An itibariyle 285 adet blogu izliyor bulunmaktayım. 2600 civarı blogu tek tek tarayıp ayarlar sekmesinden bilgilerine ulaşarak takipten çıktım. Bloglardaki izleyici gadget ları kaybolmasaydı işim daha kolay olacaktı... Ancak bu uykuda olan bloglar için geçerliydi... yok olmuş olan bloglar için böyle bir şansım yoktu. Silmek istediklerimi kumanda panelimdeki okuma listesine ait ayarlar sekmesine tıklayarak "bu siteyi izlemeyi durdur" butonu ile tek tek sildim.
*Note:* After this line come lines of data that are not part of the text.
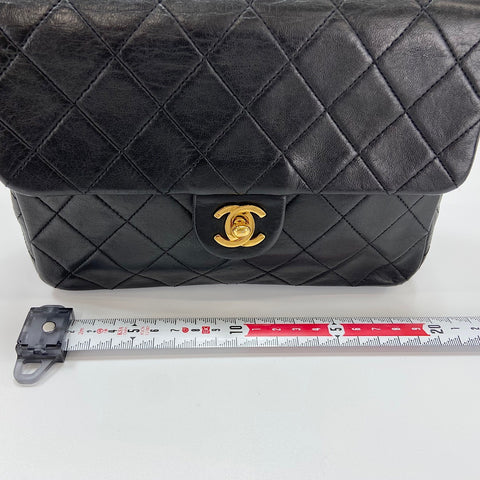 CHANEL Matelass Shoulder Bag black WS30384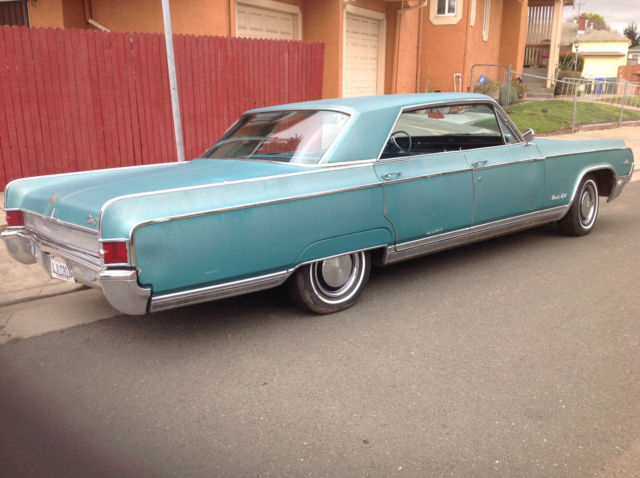 1964 Blue Oldsmobile Ninety-Eight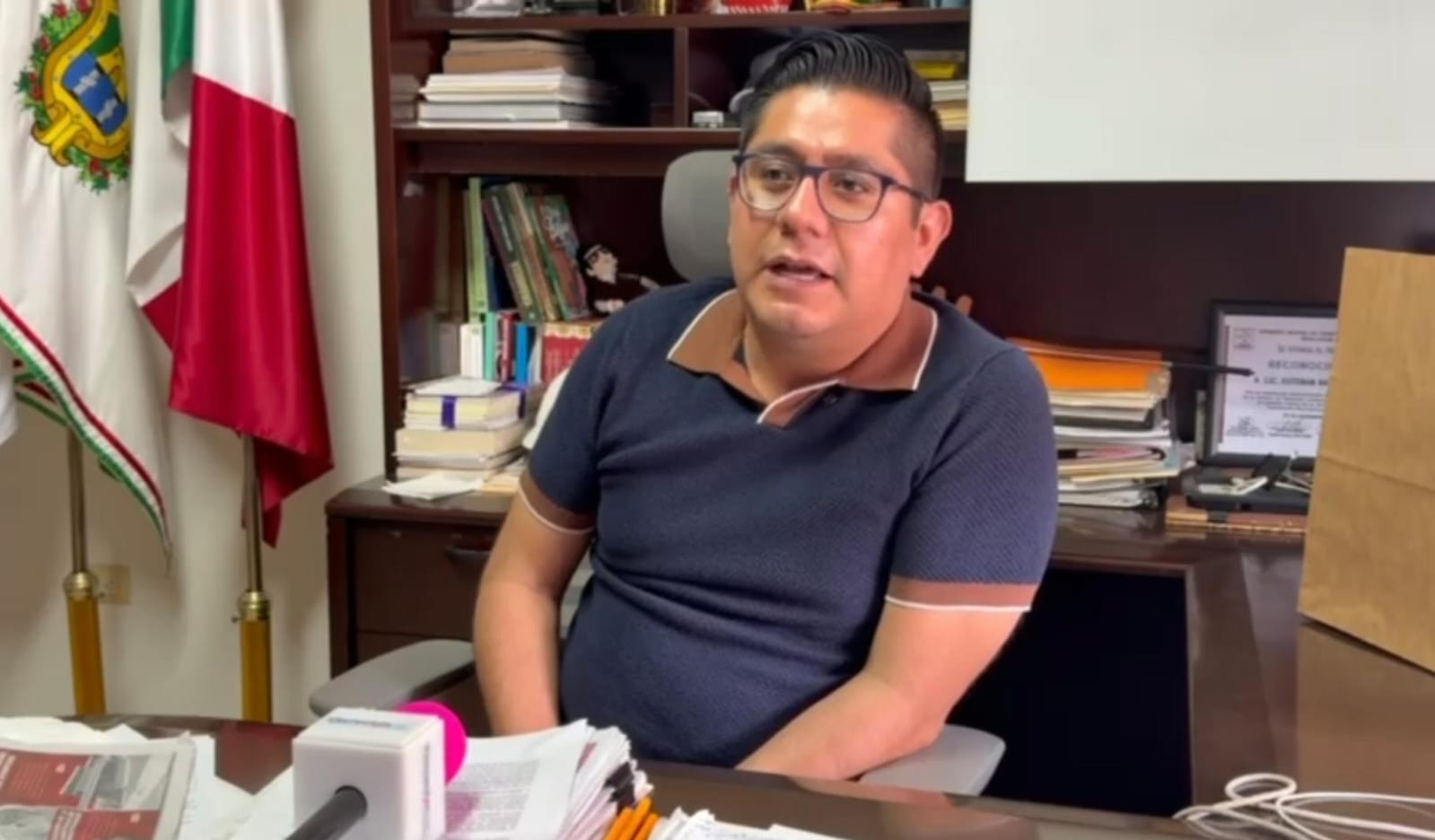 Esteban Ramírez Zepeta vaticina derrota de “Movimiento Criminal” en Veracruz. Esteban Ramírez Zepeta vaticina derrota de “Movimiento Criminal” en Veracruz.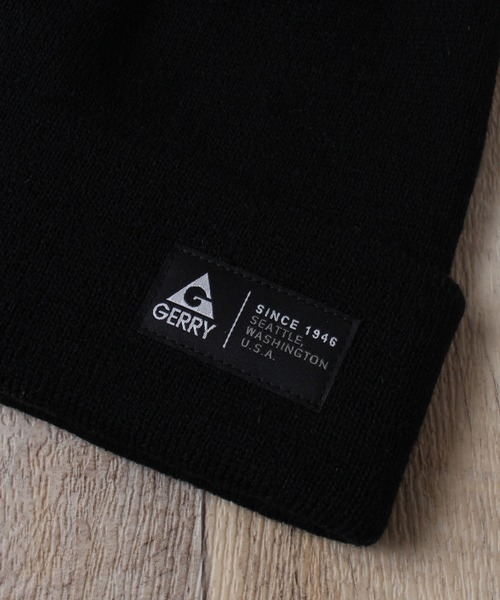 GERRY（ジェリー）の「【GERRY/ジェリー】ワンポイント ロゴネーム ニットキャップ(撥水)（ニットキャップ/ビーニー・メンズ・ブラック/カーキ/チャコールグレー・FREE）」の16枚目の写真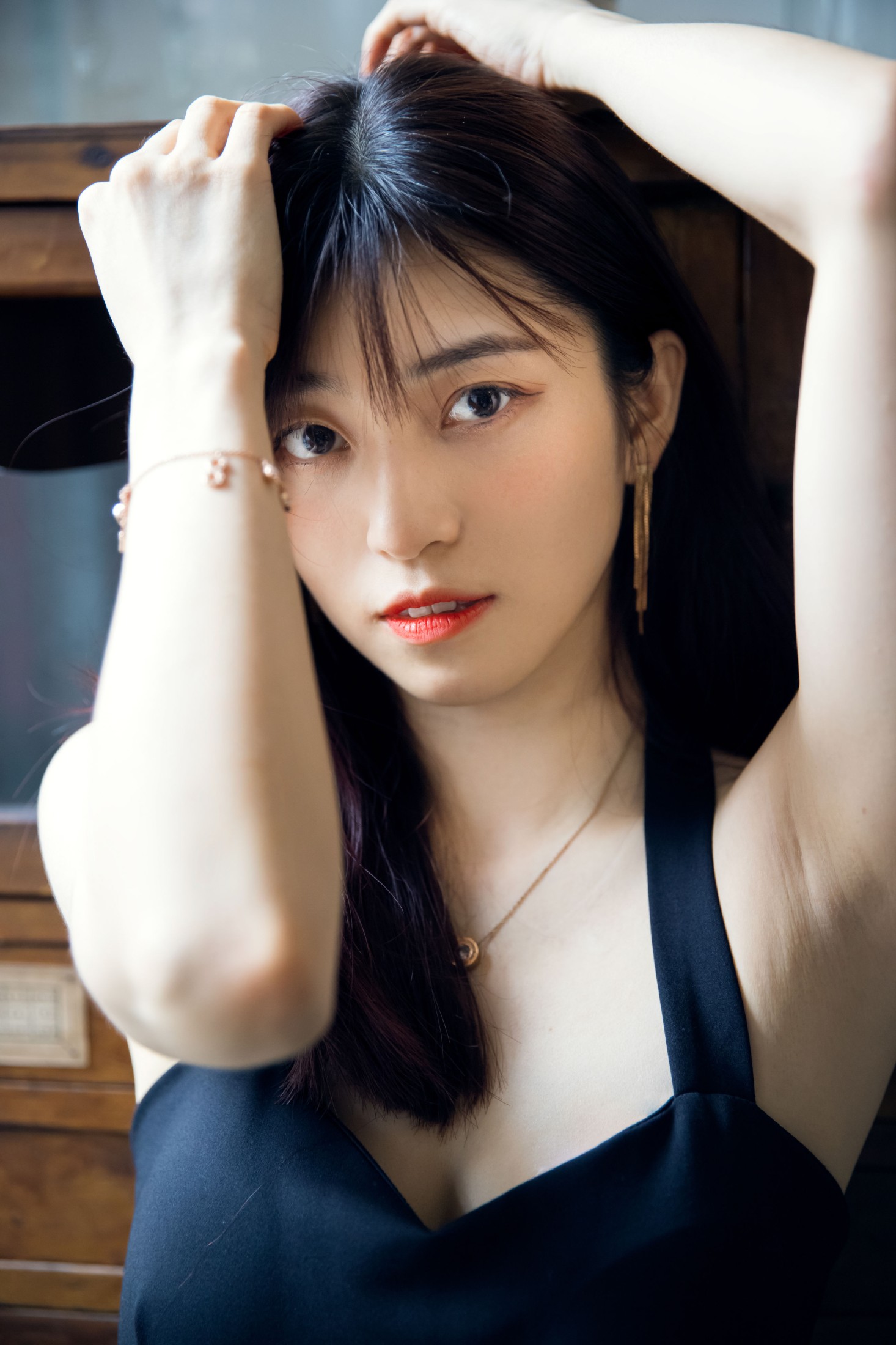 图片[5]-猫的肚子 – 《念念》[22P]-COS写真在线网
Dediğim gibi, hiç kolay olmadı. Hatta benim gibi zaman fakiri biri için epeyce bir zaman kaybına da yol açtı. Allahtan sabahları çok erken uyanıyorum. Her sabah biraz biraz derken... bu sabah itibariyle  listem fazlalıklardan arınmış, kuş gibi hafiflemiş oldu.

Güzel olan şu ki... kumanda panelimdeki blogları okumak istediğimde blog ıskaladığım olmuyor artık. Sayı az olduğu için iki gün kumanda panelimi açmamış olsam dahi "daha fazlasını göster" butonuna tıklayarak son güncellemelere yetişmiş olabiliyorum.


"Belki bir gün yeniden bir post girer, beni mutlu eder", diye düşündüğüm çooook derin uykulardaki bir kaç blogu takipten çıkmaya ise gönlüm razı gelmedi. Bir sürpriz yapıp en canlı, en neşeli halleriyle yine blog dünyasında yer alacakları günü dileyerek... uyumalarını ve bir gün uyanıp beni mutlu etmelerini sabırla bekleyeceğim. :)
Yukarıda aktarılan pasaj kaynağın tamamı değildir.